I continue to feel humiliated about having cancer. I guess I thought I was unreachable by cancer—I thought our heart problems would get me. I’ve probably held unconscious beliefs that people who get cancer deserve it. Now that’s ugly to admit, but I suspect it’s true. Like all the other awful “isms” we find in ourselves. Hard to admit. Even harder to eradicate.

The other two dominant struggles/reactions are

1) I haven’t lived a good enough life—I’ve squandered what I was given, I haven’t done enough, I was undisciplined and lazy… and

2) I need to protect my loved ones from the pain of my illness, suffering, and death.

Knowing that my pain exacerbates theirs is like being trapped in an impossible and evil echo-chamber. A sadistic twist thrown into the perfectness of love. I’ve known that the Creator lives in this same place. Pain echoes pain. We carry it. It bounces back and forth. It rips things open. It strips away the extraneous. Like many of God’s ways, it seems like a bad design flaw. If I were the Creator, I’m pretty sure I would do away with many of the “ways of nature” and we’d all live on the shores of Hawaii forever. Well, not really that last part, but geez. It seems like She/He could have thought up something less painful and daunting than mortality, starvation, trauma, cruelty, abuse, loneliness, pollution, cancer, car wrecks, and knapweed.

Okay, I’m lifting out now. I can see the flippant side of me returning. I can stop writing now. Thanks, words. Thanks, God. Thanks, loved ones. Thanks, email, cell phones, air planes, sons-in-laws, and other generally blessed parts of my transitory life…I’ll stop now. I’ll be okay.

 

Too Old For Anything but the Truth

mosquito-in-tea (2)

I am now officially too old to pledge allegiance to anything but the truth, so every morning I get up hoping to encounter something true. If God is awake, this usually causes him to clear his throat while the sun removes the frost from the windows. Perfect frost. Perfect sun.

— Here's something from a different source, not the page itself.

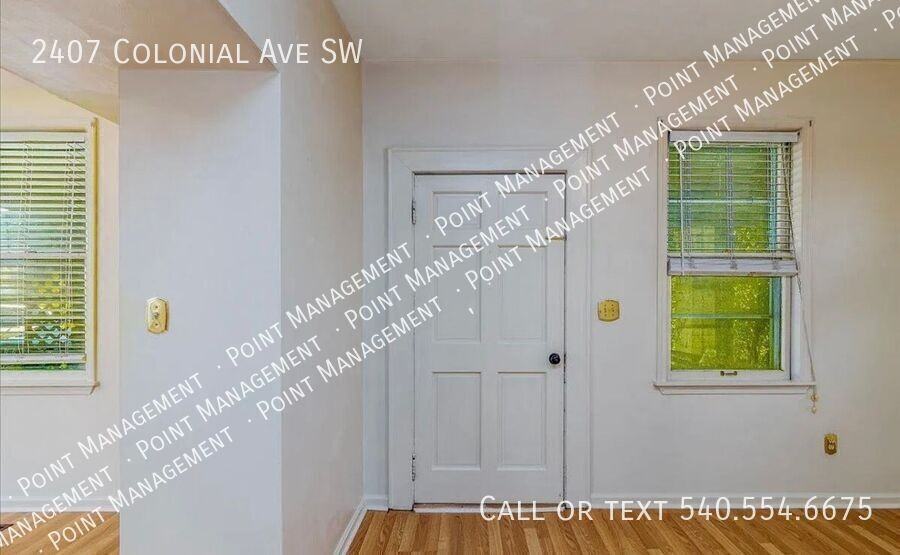 2407 Colonial Ave Sw - Photo 4 of 24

I try not to look directly at God because I’m afraid he’ll spoil the moment. If I hold perfectly still, perfect moments roll around in the room, clear blue marbles, resembling the way the earth looks from the heavens. They balance on the surface of reality like uncried tears. In a terrible, frail, temporary way, all things are good, and perfect. In their beingness, all things are true. This is something God agreed with at least once, so I’m wondering…

“Yes,” God says. “I still agree.”

I pour God a cup of coffee, not noticing the dead fly in the bottom of the cup. God adds cream and sees the body floating on the surface. There’s been a serious invasion of spiders and houseflies as the weather turns. Most of them come in and die. Ordinarily, I avoid vacuuming, but they’re piling up, so I’ll have to clean again. None of this feels perfect. The day takes on a familiar tedium.

God skims the fly off the top of his coffee and takes a sip.

“Gross!” I say. “I can get you another cup.”

“I know,” God says. “But don’t bother. What’s a dead fly here and there?”

I admire this crude nonchalance. In the Arctic, it’s impossible to drink a bowl of warm soup before a layer of mosquitoes dive-bomb and die on the surface. You sip dead mosquitoes gladly. A far worse threat looms on the frozen horizon.

God is watching me as he sips the steaming coffee, bushy eyebrows tipped inward in a kindly look. The frost has melted. Intense October light takes over, casting sharp shadows, promising magic.

The smell of dark honey on my leftover toast breaks my heart. I know have no choice. No real choice but to accept the ethereal truths that plague and frighten me. That exhaust and break me down. All I have is a blurry vision of this clear blue moment on this clear blue planet, and though I’d rather achieve a more known perfection, I have to vacuum flies and change the sheets. I’m expecting important guests.